## DATA IN THIS EXERCISE
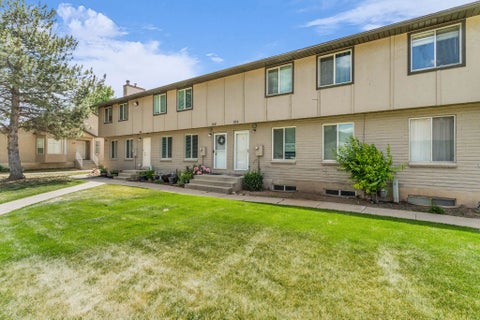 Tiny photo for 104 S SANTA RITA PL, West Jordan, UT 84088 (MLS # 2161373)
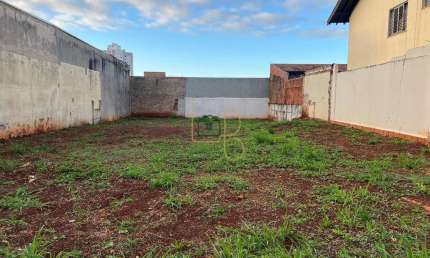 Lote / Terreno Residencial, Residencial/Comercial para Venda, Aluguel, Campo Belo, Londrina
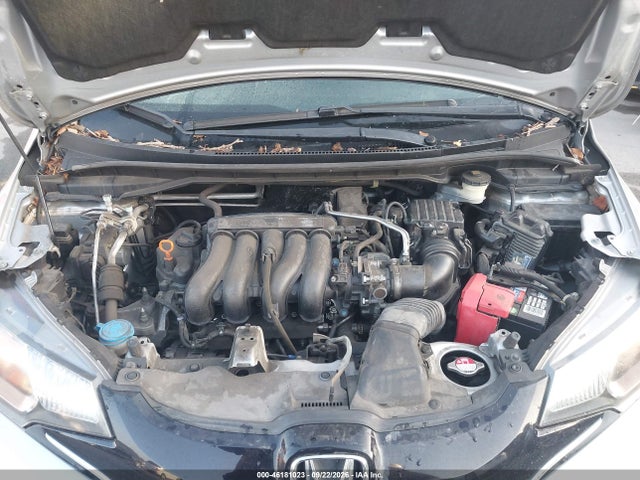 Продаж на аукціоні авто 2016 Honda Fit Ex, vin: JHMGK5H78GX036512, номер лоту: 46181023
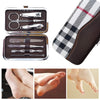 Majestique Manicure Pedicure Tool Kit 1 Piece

* * *

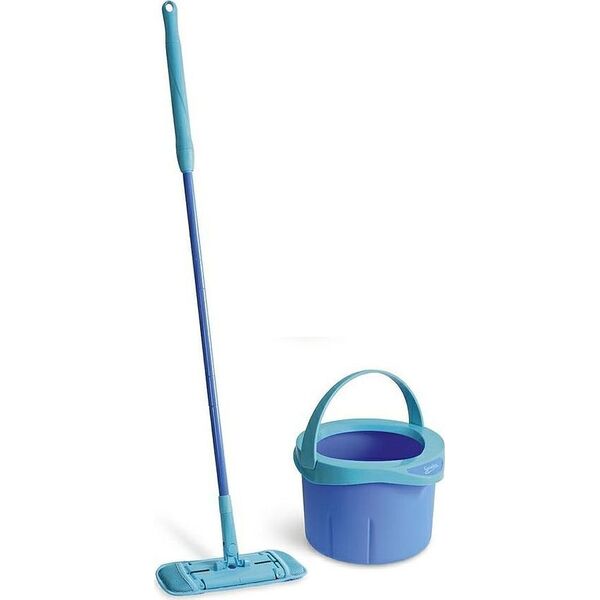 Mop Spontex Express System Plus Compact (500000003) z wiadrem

## TASK DESCRIPTION
Output exactly the lines above, from the line with "Lote / Terreno" to the line with "Majestique Manicure Pedicure", both included; skip the pictures.

## SOLUTION TO THE EXERCISE
 Lote / Terreno Residencial, Residencial/Comercial para Venda, Aluguel, Campo Belo, Londrina
 Продаж на аукціоні авто 2016 Honda Fit Ex, vin: JHMGK5H78GX036512, номер лоту: 46181023
 Majestique Manicure Pedicure Tool Kit 1 Piece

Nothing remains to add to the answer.